Step 5: Present the Investigation
Structure the output as a root cause analysis.
Required sections:
-
Investigation summary (2-3 sentences): What was investigated, what was found, and the severity. Written as a headline for the team.
-
Sessions examined: A compact table of the sessions investigated:
| Session ID | Agent | Outcome | Quality | Sentiment | Failure Type |
|------------|-------|---------|---------|-----------|--------------|
| [id] | [name] | [outcome] | [score] | [score] | [type or —] |
-
Root cause (1 paragraph): The primary explanation for what went wrong. Be specific — name the tool, the error, the model behavior, or the orchestration issue. Include evidence from the conversation and trace.
-
Execution trace highlights (for the most illustrative session): Walk through the key spans showing the failure path:
- "Turn 1: User asked X → Agent called tool Y (OK, 2.1s) → Agent called tool Z (ERROR, timeout after 30s) → Agent responded with fallback that didn't address the question"
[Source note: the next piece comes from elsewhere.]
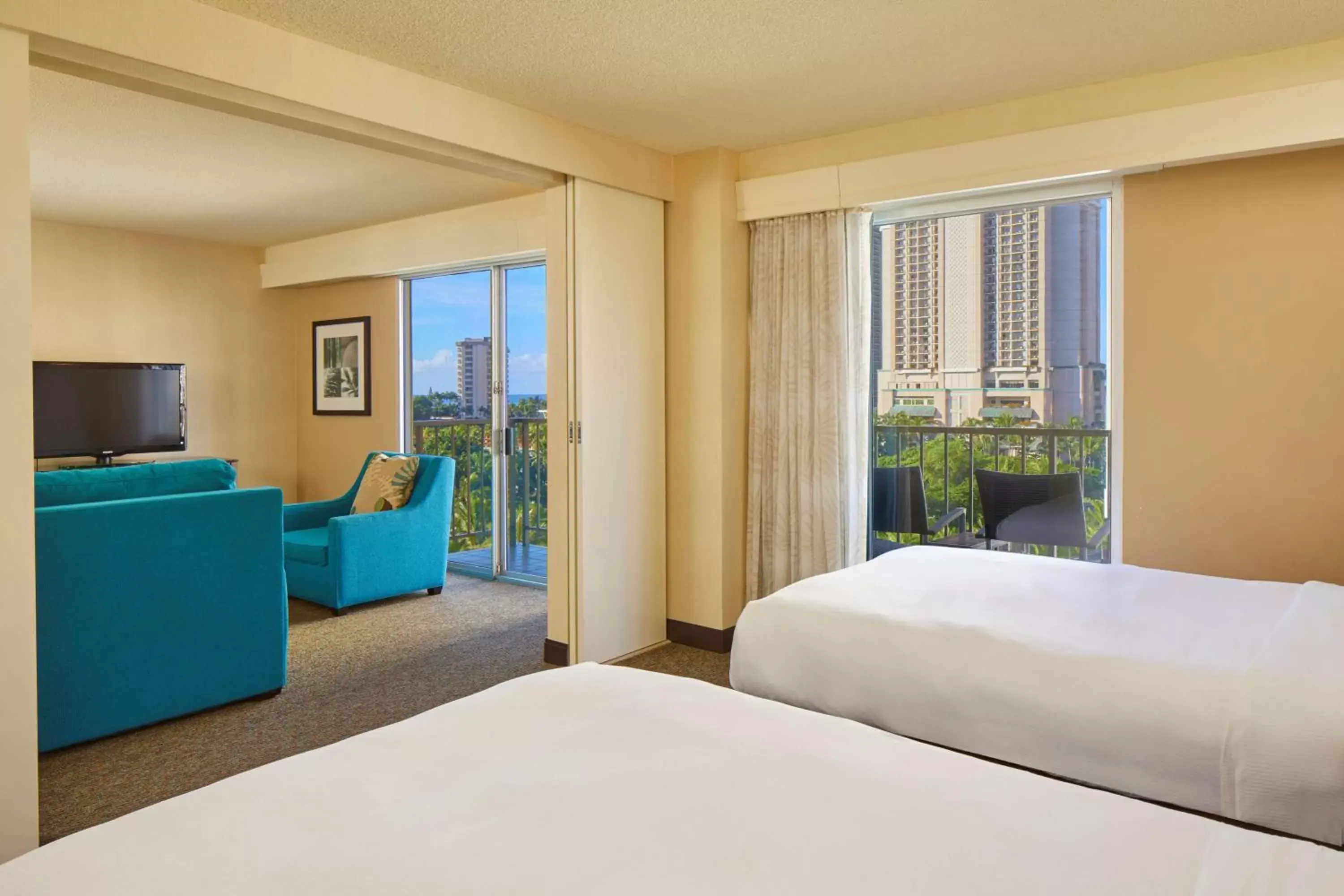 Bed, TV/Entertainment Center in DoubleTree by Hilton Alana - Waikiki Beach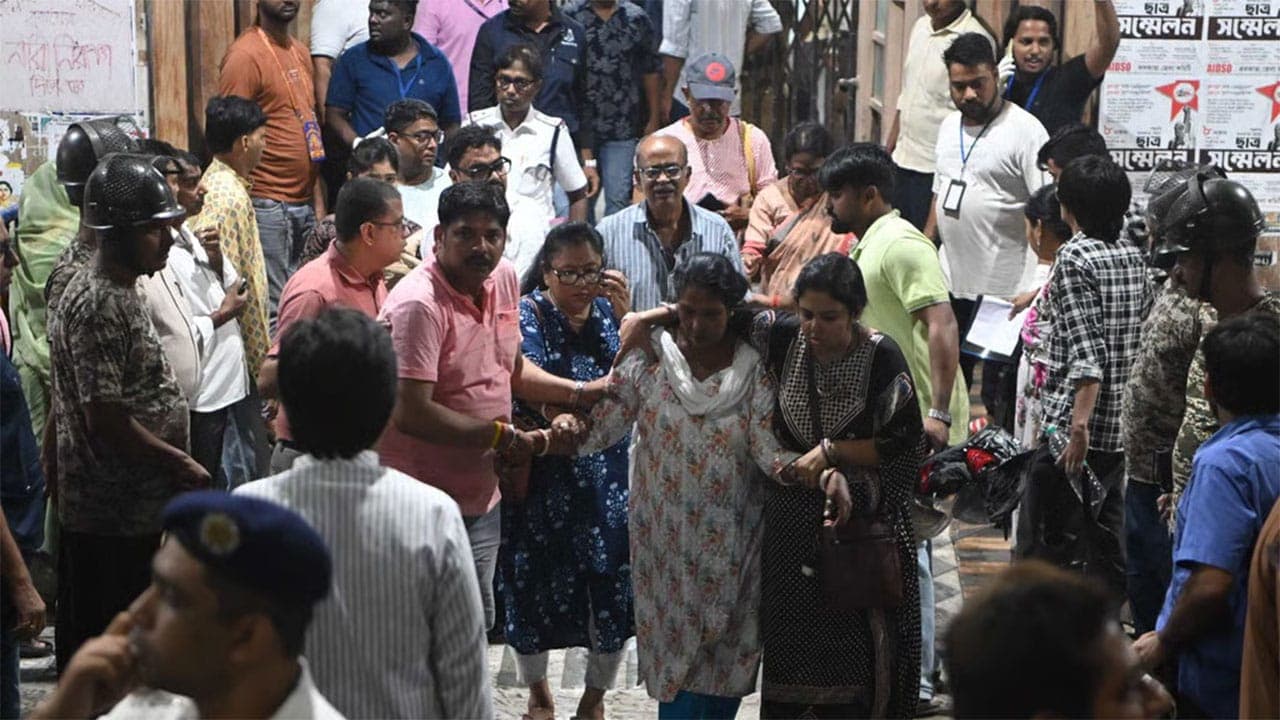 At least 17 dead in crush at Hindu festival event in India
- Focus on the failure point and what led to it
-
Conversation excerpt (if revealing): Quote the 2-3 most relevant turns showing where the agent failed the user. Keep it brief.
-
Scope assessment: One-off vs. systemic. How many sessions are affected? Is it getting worse?
-
Recommended fixes (2-4 numbered items): Concrete actions. Examples:
- "Add a retry with exponential backoff for the query_dataset tool — 8 of 15 failures are transient timeouts"
- "The agent is calling get_events before get_context, causing a missing project ID error — fix the tool ordering in the agent prompt"
- "Users asking about retention are getting routed to the Chart Agent instead of the Funnel Agent — update the routing logic"
-
Follow-on prompt: Offer next steps — "Want me to check if this tool timeout affects other agents, search for similar user complaints, or monitor this pattern over the next few days?"
Examples
Example 1: Specific Session Investigation
User says: "What happened in session abc-123?"
Actions:
- Get detailed session data, conversation, and spans for abc-123 (3 parallel calls)
- Read the conversation to understand what the user wanted
- Trace the spans to find where the execution failed
- Classify the failure and check if it's systemic
- Present root cause with trace highlights and conversation excerpt
Example 2: Pattern Investigation
User says: "Why are Chart Agent sessions failing?"
Actions:
- Get AI schema to confirm "Chart Agent" is a valid agent name
- Query recent Chart Agent failures (hasTaskFailure: true, agentNames: ["Chart Agent"])
- Pick the 3 most recent failures and deep-dive into each
- Compare the failures — same tool? Same error? Same topic?
- Check tool health with span aggregations
- Present the pattern with root cause and scope assessment
Example 3: User Complaint
User says: "A customer said our AI gave them wrong data yesterday"
Actions:
- Ask for the customer's email or user ID
- Search for their sessions from yesterday
- Deep-dive into the relevant session(s)
- Read the conversation to find what data was wrong
- Trace the spans to see what tools provided the data
- Present findings with the specific conversation excerpt showing the error
Troubleshooting
Session ID not found
The session may be from a different project, or outside the data retention window. Ask the user to confirm the project and check if the session ID is correct.
Spans not available for a session
Span-level data requires OpenTelemetry-compatible tracing in the AI agent. Report what's available from the session and conversation level and note that span data would help narrow the root cause.
Too many failing sessions to investigate
Don't try to investigate more than 5 sessions in detail. Instead, use groupBy on query_agent_analytics_sessions to find the common pattern, then deep-dive into 2-3 representative examples.